What this task involves ::
Pictures aside, the data must be reproduced exactly.

━━━ Given information

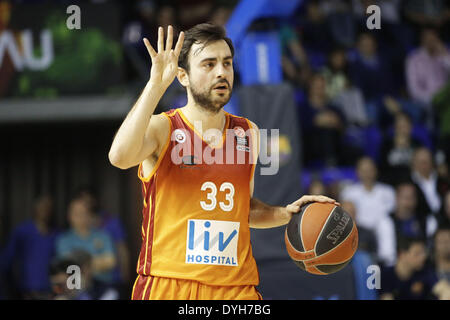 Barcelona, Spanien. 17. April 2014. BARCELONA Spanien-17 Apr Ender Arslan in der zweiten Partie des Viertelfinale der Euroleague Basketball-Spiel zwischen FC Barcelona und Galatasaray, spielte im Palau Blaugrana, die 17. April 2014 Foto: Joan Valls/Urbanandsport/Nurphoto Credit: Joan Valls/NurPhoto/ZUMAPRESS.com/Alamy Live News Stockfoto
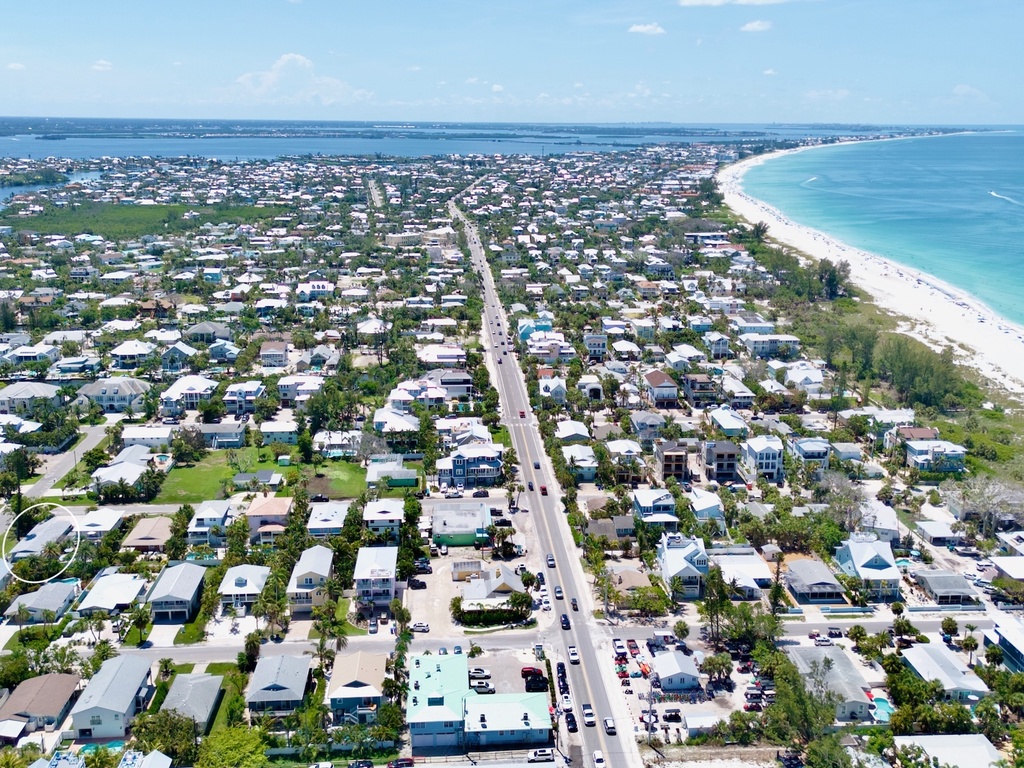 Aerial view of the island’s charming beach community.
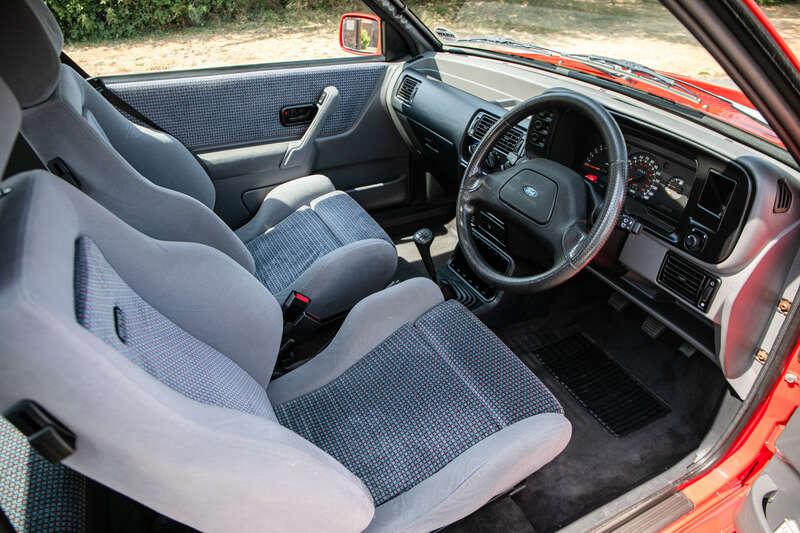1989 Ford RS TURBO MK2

━━━━━━

Response below ::
 Barcelona, Spanien. 17. April 2014. BARCELONA Spanien-17 Apr Ender Arslan in der zweiten Partie des Viertelfinale der Euroleague Basketball-Spiel zwischen FC Barcelona und Galatasaray, spielte im Palau Blaugrana, die 17. April 2014 Foto: Joan Valls/Urbanandsport/Nurphoto Credit: Joan Valls/NurPhoto/ZUMAPRESS.com/Alamy Live News Stockfoto
 Aerial view of the island’s charming beach community.
1989 Ford RS TURBO MK2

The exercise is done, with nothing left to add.